The Classé Sigma SSP is an AV-preamp targeted for audiophile music lovers who don't want to setup 2 different systems (one for audio, one for home cinema). It is optimized for very high quality on the stereo channels and somewhat less performance for the remaining surround channels: the stereo channel has both one balanced input and one balanced output (XLR) while the remaining analog IOs (2 x stereo in, 7.1 out) are single-ended (RCA).

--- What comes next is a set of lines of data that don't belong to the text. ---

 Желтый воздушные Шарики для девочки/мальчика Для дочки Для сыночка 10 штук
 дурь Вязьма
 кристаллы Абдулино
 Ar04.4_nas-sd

The specs are as follows (selected):
The unit I am testing is in fact a Sigma SSP (Mk1) which had been upgraded to Mk2. This involves the replacement of the board with the HDMI I/Os and the DSP doing the audio processing. Otherwise both models are identical. It runs with firmware version 2.0.0.29 (currently the newest).
I used a brand new RME ADI-2 PRO fs to feed the SSP with digital signals (SPDIF Coax and Toslink, USB and HDMI) and connected the XLR output of the SSP to the XLR input of the RME (one channel only). All internal processing in the SSP was disabled (no EQ, no tone control, nothing) and the inputs were set to pass through (no volume control). In this configuration the SSP delivered almost 14 dBu (ca. 3.8 V rms, very close to the SN input spec) output level with a 0 dBfs (-3dB rms) sinus. The analog input of the RME was set accordingly to +19 dBu with 5 dB higher gain, resulting in a full scale sensitivity of 14 dBu.
The RME was connected via USB to a Dell Latitude E7250 (Windows 10, RME ASIO driver) running on battery. I used RoomEq wizard v5.19 (REW) for all measurements, but for the jitter test and multitone I had to use foobar2000 to play wav files bit correct (verified by playing the specific test signals supplied by RME). The J-Test and multitone wavfiles were created with a DIY program running on Linux.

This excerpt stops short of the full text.